University of Wisconsin-La Crosse, Murphy Library Area Research Center

 

Call Number/Title: John E. McConnell Papers, 1863-1928 La Crosse Mss AE
Citation: McConnell, John E. Papers. UW La Crosse Special Collections, La Crosse Area Research Center, University Wisconsin La Crosse, La Crosse, Wisconsin.

Collection Summary

The John E. McConnell Papers is a small, but varied collection. It consists of 4 folders, filled with letters, speeches, news clippings, and even a couple of small pictures. Thankfully, the speeches and news clippings are typed and easy to read. On the flip side, the majority of the letters are written in cursive and require a bit of detective work to read—but don’t worry, you can do it! John E. McConnell was born in 1863 in Farmington—just outside of La Crosse. He spent his teenage years in West Salem before leaving to study law at the University of Wisconsin-Madison. From 1895-1899 McConnell served as La Crosse County District Attorney, and as a representative in the Wisconsin Legislature from 1909-1911. Throughout his life, McConnell was an active citizen—he was eager to learn from prominent political officials, important educators, and fellow lawyers. He was active in local politics, state politics, education, and law reform.

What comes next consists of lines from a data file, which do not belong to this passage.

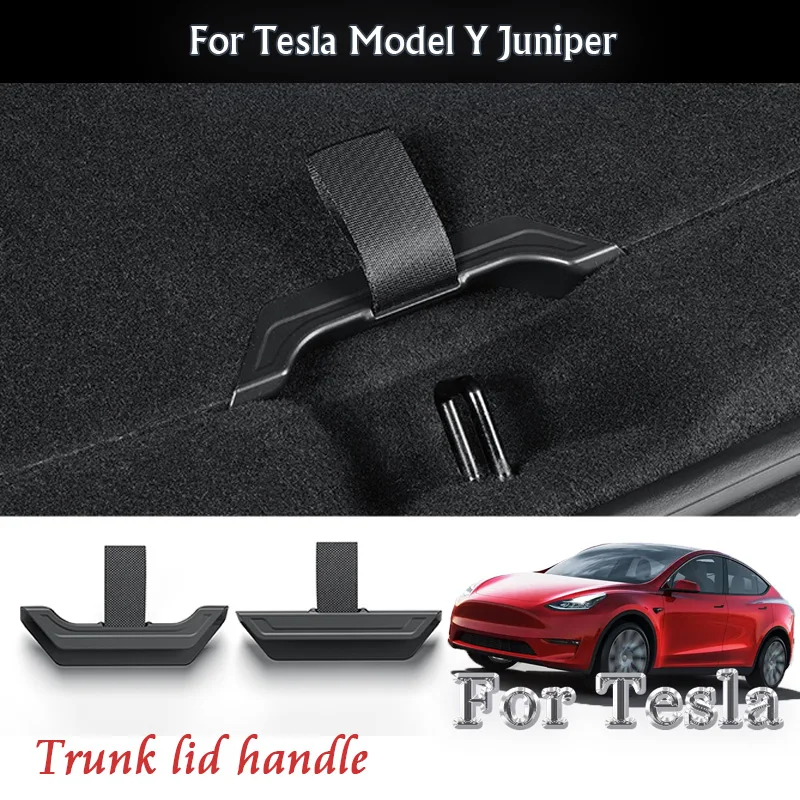 

Для Tesla Model Y Juniper 2025, ручка крышки багажника, рамка, украшение, комплект аксессуаров, модификация автомобильного интерьера
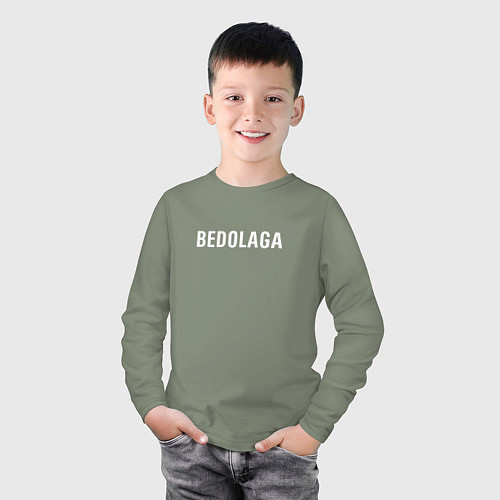 Детский лонгслив BEDOLAGA БЕДОЛАГА / Авокадо – фото 3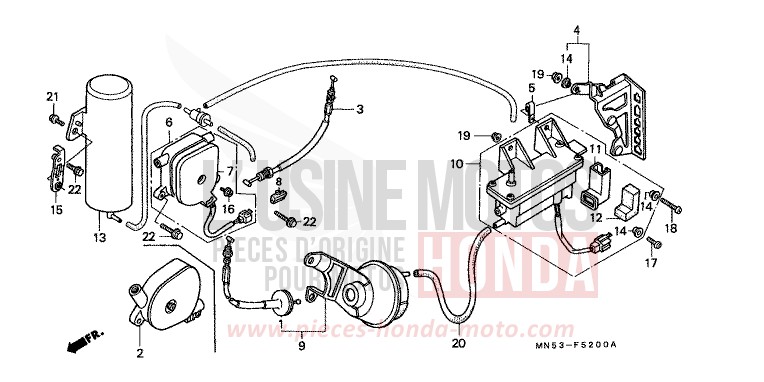 CRUISE VALVE/ACTUATOR for Goldwing CANDY SPECTRA RED (R176) from 1990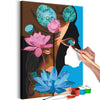 Quadro fai da te - Lotus Lady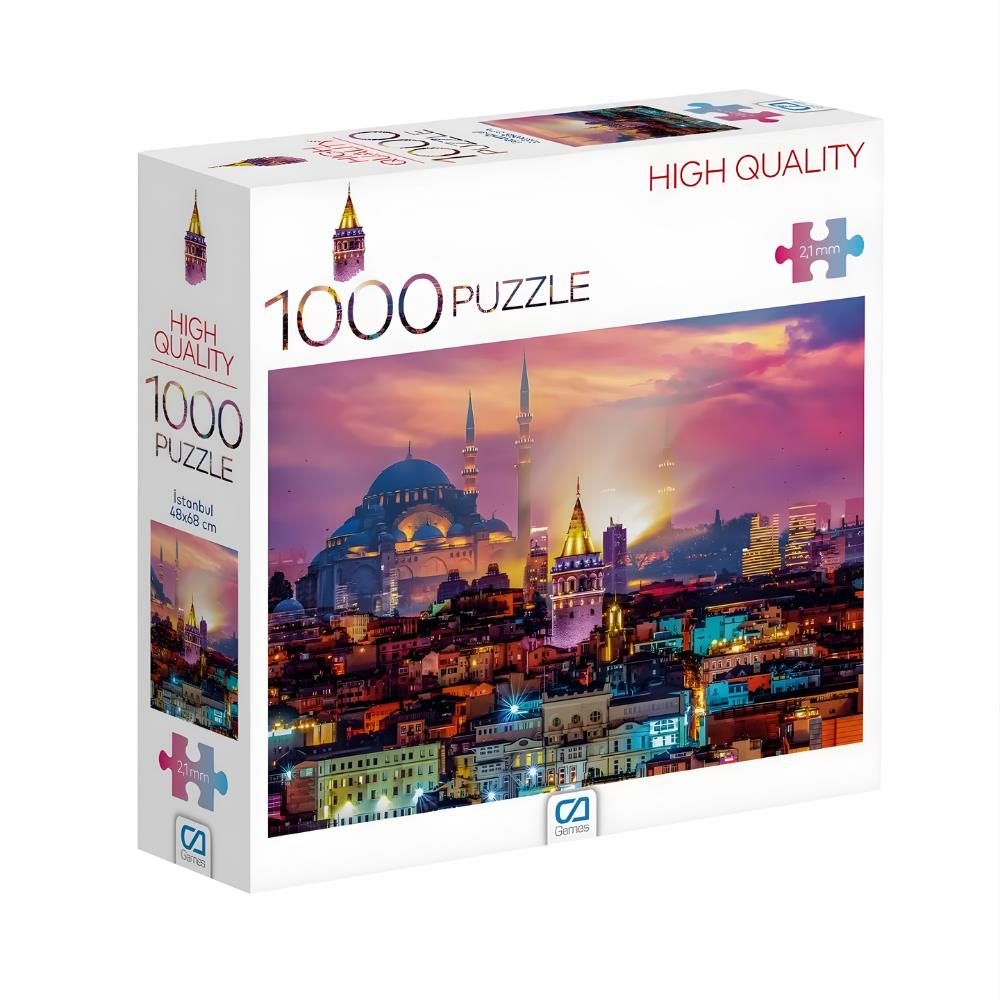 CA Games İstanbul Manzarası 1000 Parça 2,2mm Kalınlık 48x68cm Profesyonel Hobi Puzzle Yapboz Serisi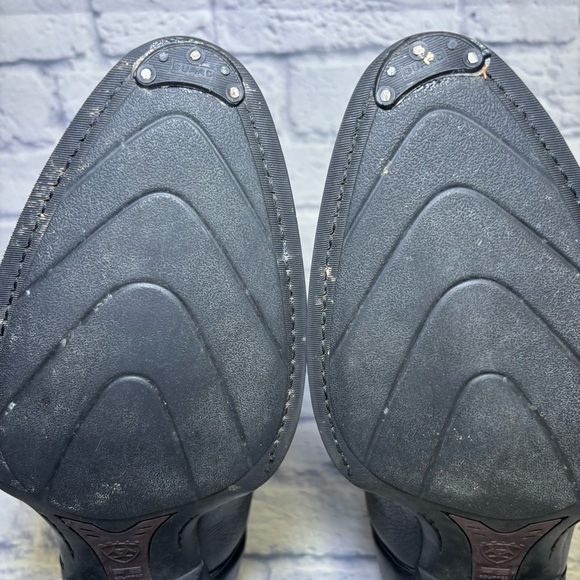 ARIAT Heritage Western Cowboy Boot 10002218 Black Leather R Toe Men's size 14 EE - Picture 13 of 16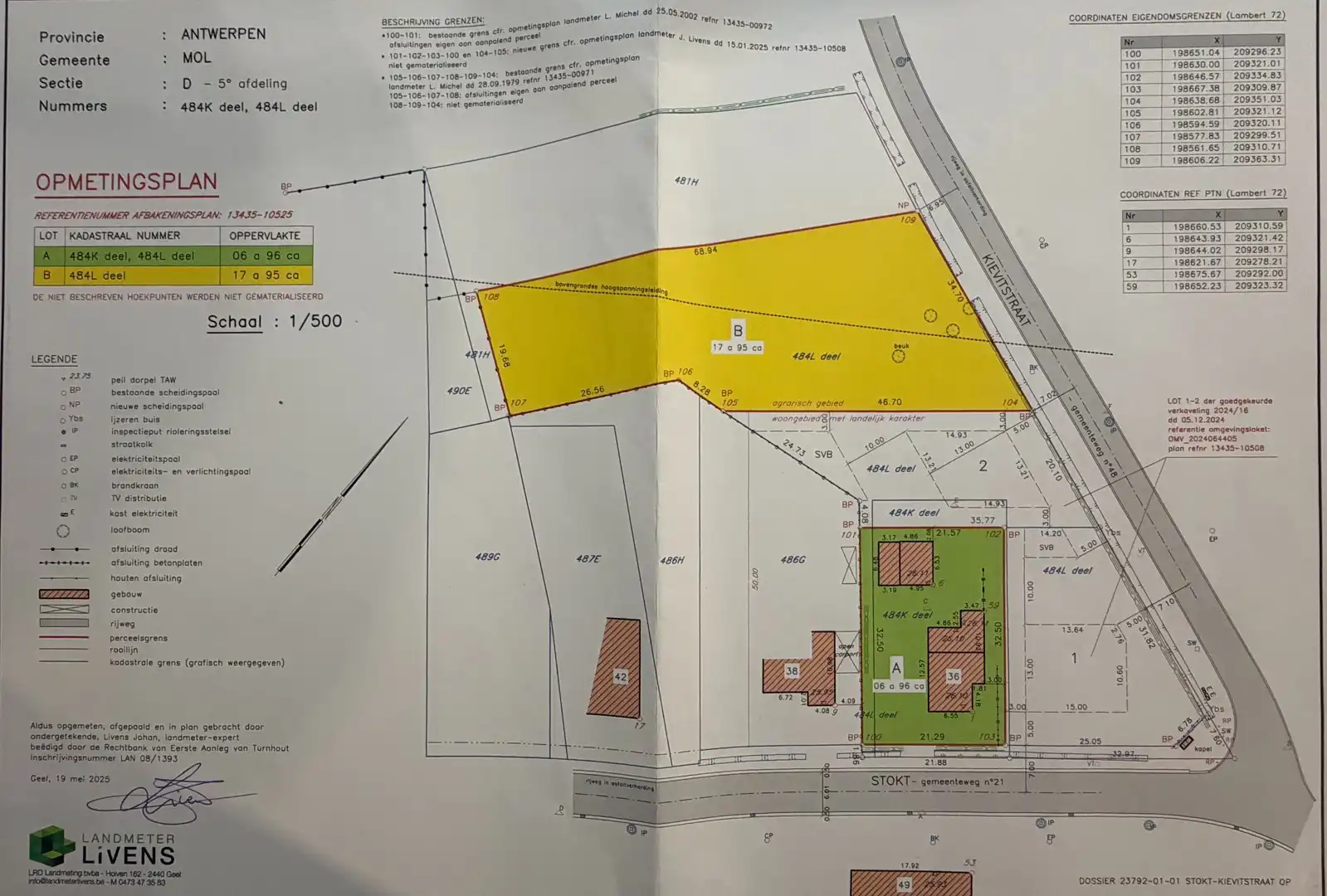 Uitzonderlijk gelegen bouwgrond met aansluitend weiland op 24a74ca in de Europawijk te Mol foto 9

This FFA focuses on McConnell’s commitment to Progressive politics. Note that the FFA does not cover folder 4 and works backwards—first folder 3, then folder 2, and lastly folder 1. Folder 3 is filled with newspaper clippings that provide excellent insight into McConnell’s character. Start here because it will help you understand folders 2 and 3. Folder 2 is filled with typed, easy-to-read material. This background makes reading the cursive letters in folder 1 a breeze…or at least much easier.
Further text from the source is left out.